In one chapter, Dillard recounts the story of a young woman who was born without sight. When surgery allows the woman to see for the first time as a young adult, she at first cannot see anything, then she begins to see but cannot comprehend or distinguish one image from another, then she sees in distorted fashion because she has yet to gain the experience by which to interpret what her eyes show her. Thus, when the young woman is asked to describe the tree outside her hospital room that so fascinates her, she talks about a tree with lights in it. To her untutored, inexperienced eyes, the focal point is the spaces between the tree’s leaves backlit by the sun. The young woman sees the world from a fresh perspective, one denied most of us who have been “taught” how to “see”—to focus on what is deemed “important.” This story serves as a central parable in Pilgrim at Tinker Creek and is an image to which Dillard returns many times in the book, serving as her metaphor for that which she seeks in her journey through the natural world. She is looking for the divine power behind the everyday; its discovery is something that she comes to realize happens infrequently at best, but it does happen. When Dillard least expects it, the force behind the universe shines out and nearly blinds her.

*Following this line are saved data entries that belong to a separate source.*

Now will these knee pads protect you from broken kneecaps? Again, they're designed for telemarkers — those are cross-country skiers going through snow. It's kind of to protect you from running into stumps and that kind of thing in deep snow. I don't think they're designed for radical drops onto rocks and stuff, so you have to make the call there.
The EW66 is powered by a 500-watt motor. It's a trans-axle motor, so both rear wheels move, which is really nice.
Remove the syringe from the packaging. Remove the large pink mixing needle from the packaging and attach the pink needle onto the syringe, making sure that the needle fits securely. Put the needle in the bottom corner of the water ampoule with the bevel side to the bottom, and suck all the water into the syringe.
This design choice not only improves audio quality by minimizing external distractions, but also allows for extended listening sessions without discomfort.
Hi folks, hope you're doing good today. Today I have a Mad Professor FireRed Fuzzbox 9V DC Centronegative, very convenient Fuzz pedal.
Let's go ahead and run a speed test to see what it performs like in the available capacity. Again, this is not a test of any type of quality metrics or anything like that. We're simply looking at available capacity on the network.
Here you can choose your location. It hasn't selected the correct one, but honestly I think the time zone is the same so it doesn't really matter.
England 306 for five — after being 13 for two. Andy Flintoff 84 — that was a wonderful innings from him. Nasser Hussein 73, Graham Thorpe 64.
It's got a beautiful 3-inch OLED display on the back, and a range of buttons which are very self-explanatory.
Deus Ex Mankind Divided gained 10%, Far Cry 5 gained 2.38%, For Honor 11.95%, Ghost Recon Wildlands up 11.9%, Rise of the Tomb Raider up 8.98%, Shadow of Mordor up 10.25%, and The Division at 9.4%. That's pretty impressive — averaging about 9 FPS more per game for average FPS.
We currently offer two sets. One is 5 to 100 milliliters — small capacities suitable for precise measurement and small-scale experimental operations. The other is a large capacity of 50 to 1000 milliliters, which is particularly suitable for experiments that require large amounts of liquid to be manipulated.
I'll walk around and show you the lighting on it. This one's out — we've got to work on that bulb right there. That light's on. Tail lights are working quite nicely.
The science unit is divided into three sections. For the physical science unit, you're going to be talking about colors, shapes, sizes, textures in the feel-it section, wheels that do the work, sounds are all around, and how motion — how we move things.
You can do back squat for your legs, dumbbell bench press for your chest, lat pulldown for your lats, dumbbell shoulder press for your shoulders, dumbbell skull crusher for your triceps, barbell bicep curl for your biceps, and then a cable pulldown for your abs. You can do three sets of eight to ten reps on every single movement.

In a sense, Dillard had to suffer through the deep, pessimistic despair she describes in many chapters of Pilgrim at Tinker Creek so that she could emerge with the understanding she attains by the book’s final chapter, “The Waters of Separation.” Like many mystics before her, Dillard had to despair of ever finding God before she could apprehend the presence of the divine. By showing her readers the power, might, and violence of the world of Tinker Creek, she takes them along with her on her quest to make sense of a seemingly senseless world. She gains freedom or salvation by recognizing that she is a part of the great dance of birth and death that she has so carefully recorded.